(Data for this exercise begins)

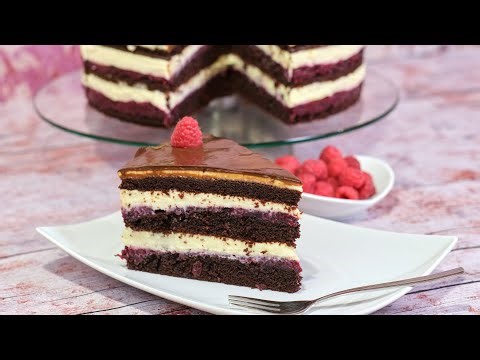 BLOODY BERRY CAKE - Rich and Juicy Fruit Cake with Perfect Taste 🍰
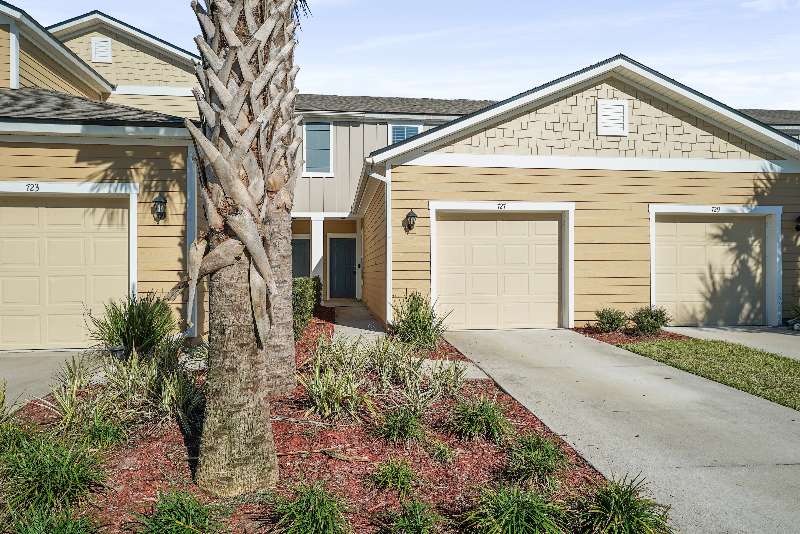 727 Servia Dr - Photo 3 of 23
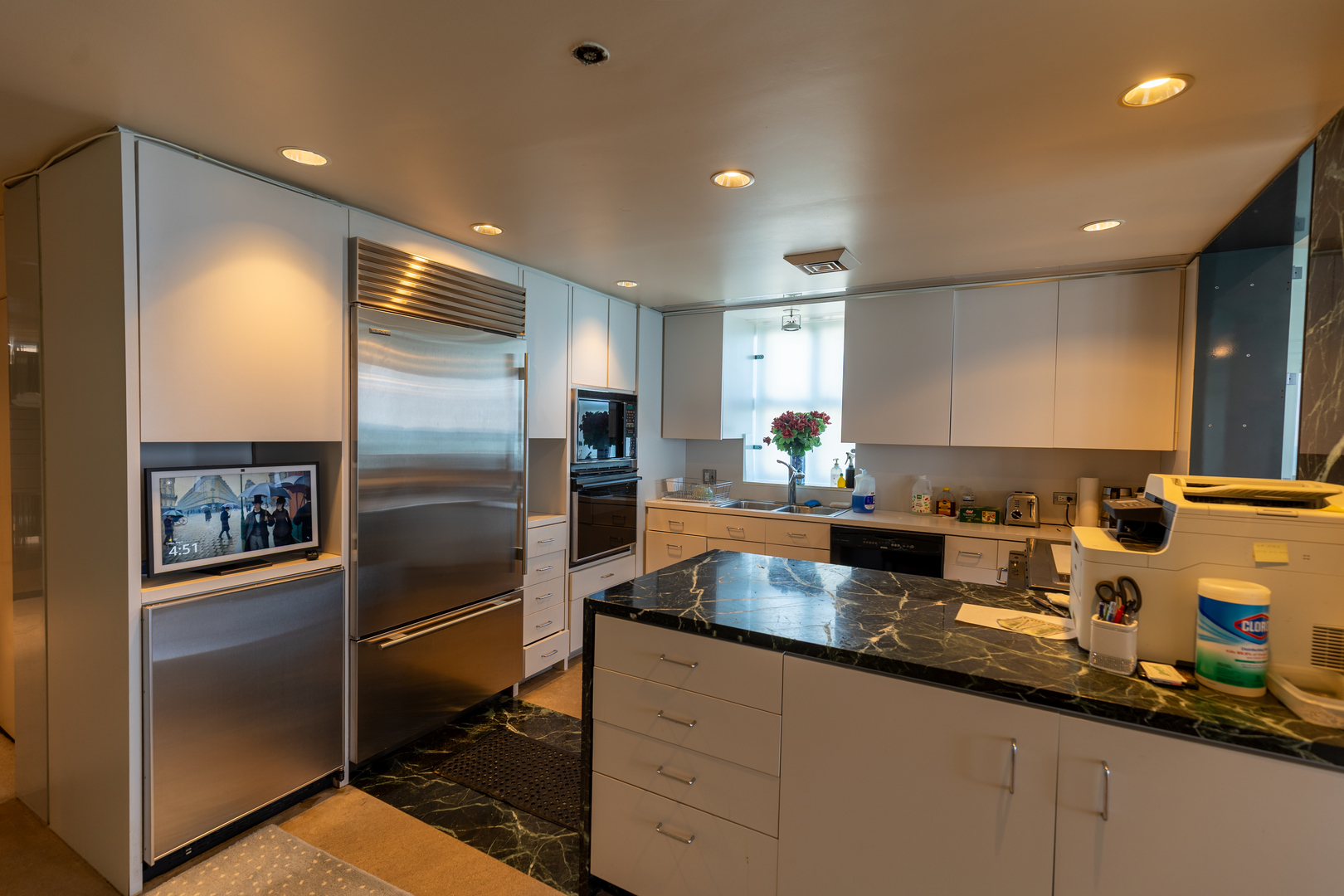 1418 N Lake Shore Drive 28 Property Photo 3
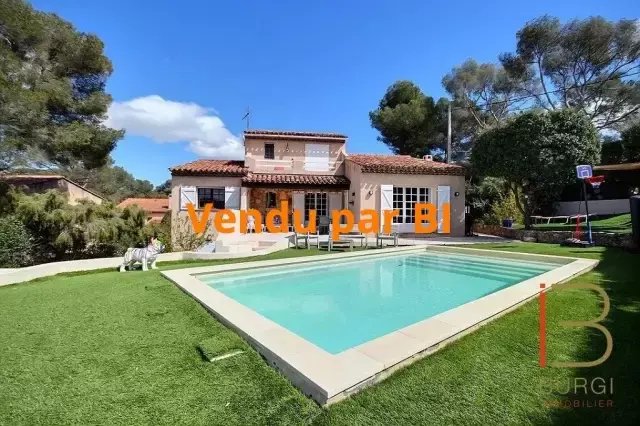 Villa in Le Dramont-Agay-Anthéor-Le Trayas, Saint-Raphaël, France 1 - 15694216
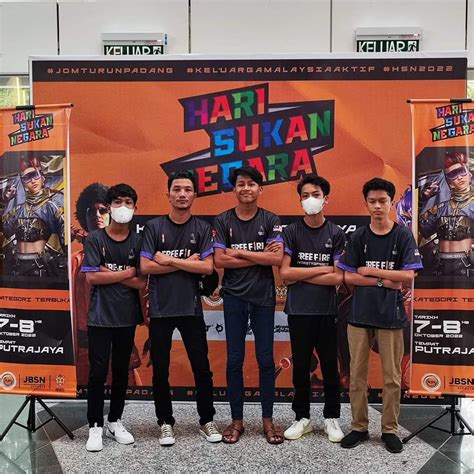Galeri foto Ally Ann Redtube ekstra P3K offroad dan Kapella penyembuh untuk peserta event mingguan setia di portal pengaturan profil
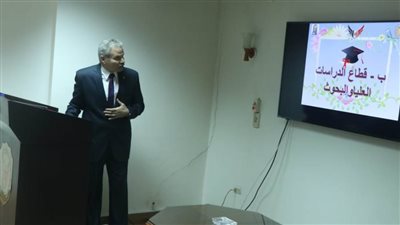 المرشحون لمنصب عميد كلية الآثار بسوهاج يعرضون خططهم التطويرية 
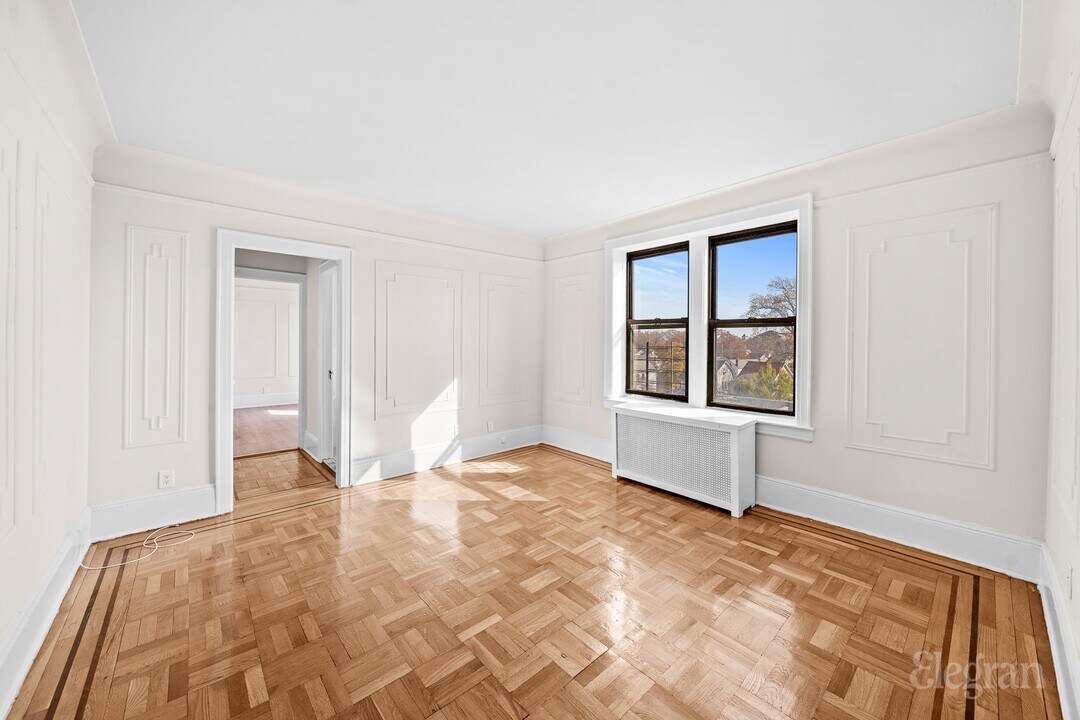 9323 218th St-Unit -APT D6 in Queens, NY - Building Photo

(Data for this exercise ends)
(Data for this exercise begins)

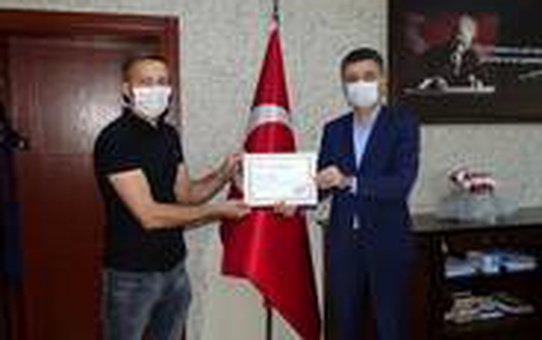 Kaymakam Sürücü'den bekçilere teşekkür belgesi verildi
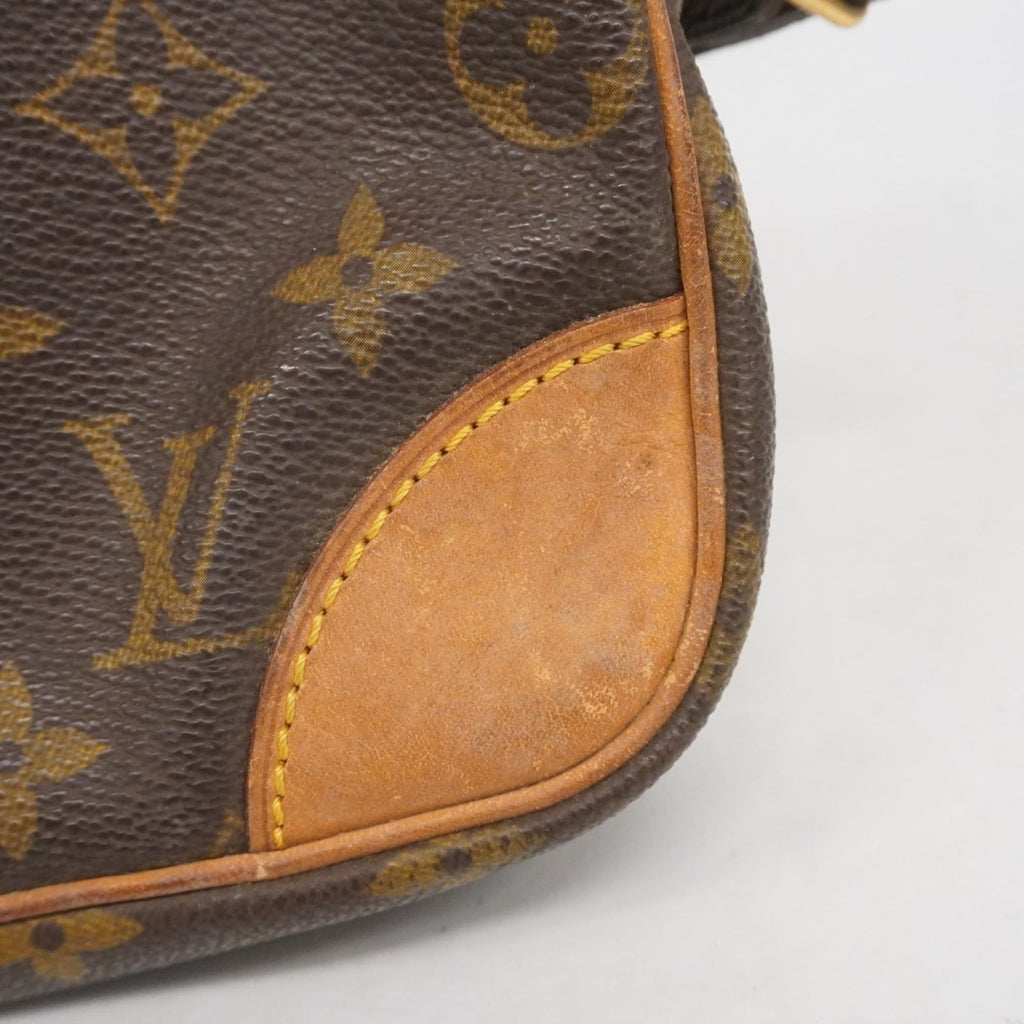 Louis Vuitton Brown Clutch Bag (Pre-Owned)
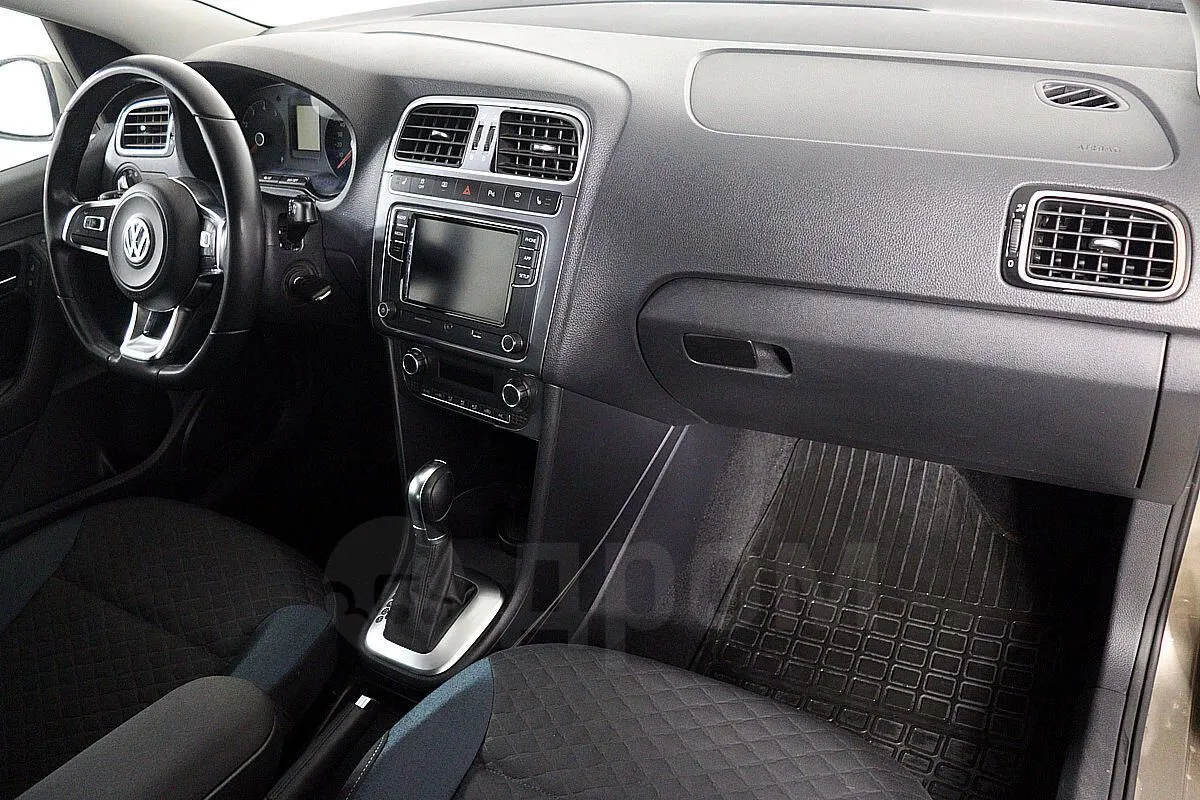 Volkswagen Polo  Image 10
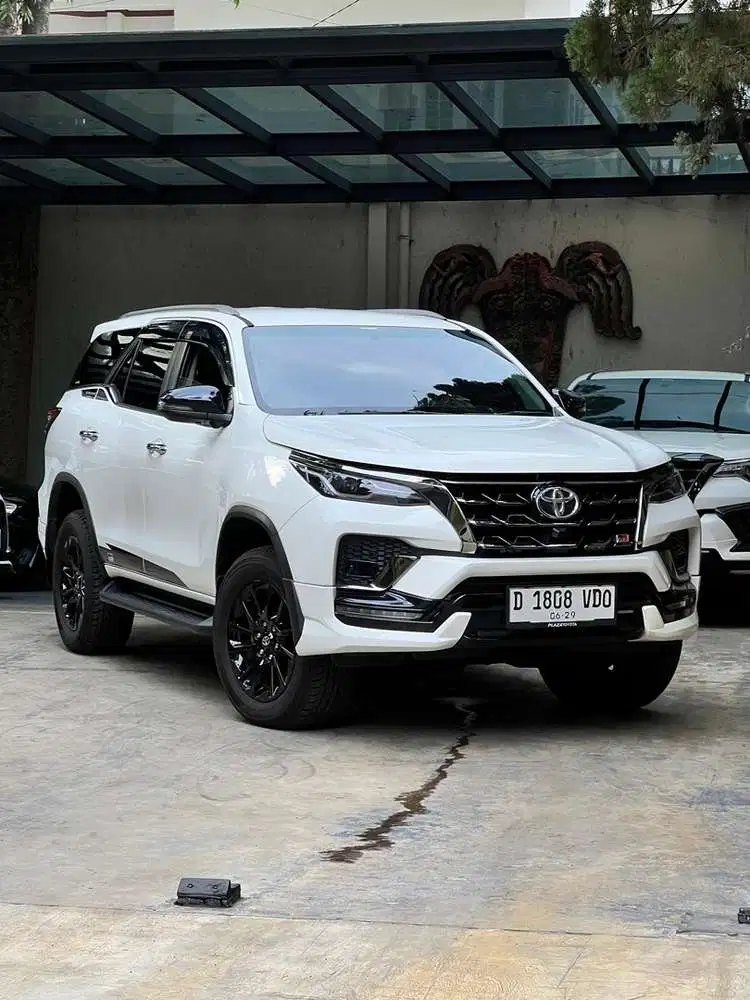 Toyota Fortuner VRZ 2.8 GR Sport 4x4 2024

(Data for this exercise ends)
(Data for this exercise begins)

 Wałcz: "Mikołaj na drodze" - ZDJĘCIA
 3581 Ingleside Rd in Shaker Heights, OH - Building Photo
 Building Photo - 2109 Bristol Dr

(Data for this exercise ends)

§ What you have to do
Once the line with "Kaymakam Sürücü'den bekçilere" is found in the data above, reproduce it and each line after it exactly, through the line with "Toyota Fortuner VRZ 2.8 GR Sport 4x4 2024". Omit the pictures.

§ Written response
 Kaymakam Sürücü'den bekçilere teşekkür belgesi verildi
 Louis Vuitton Brown Clutch Bag (Pre-Owned)
 Volkswagen Polo  Image 10
 Toyota Fortuner VRZ 2.8 GR Sport 4x4 2024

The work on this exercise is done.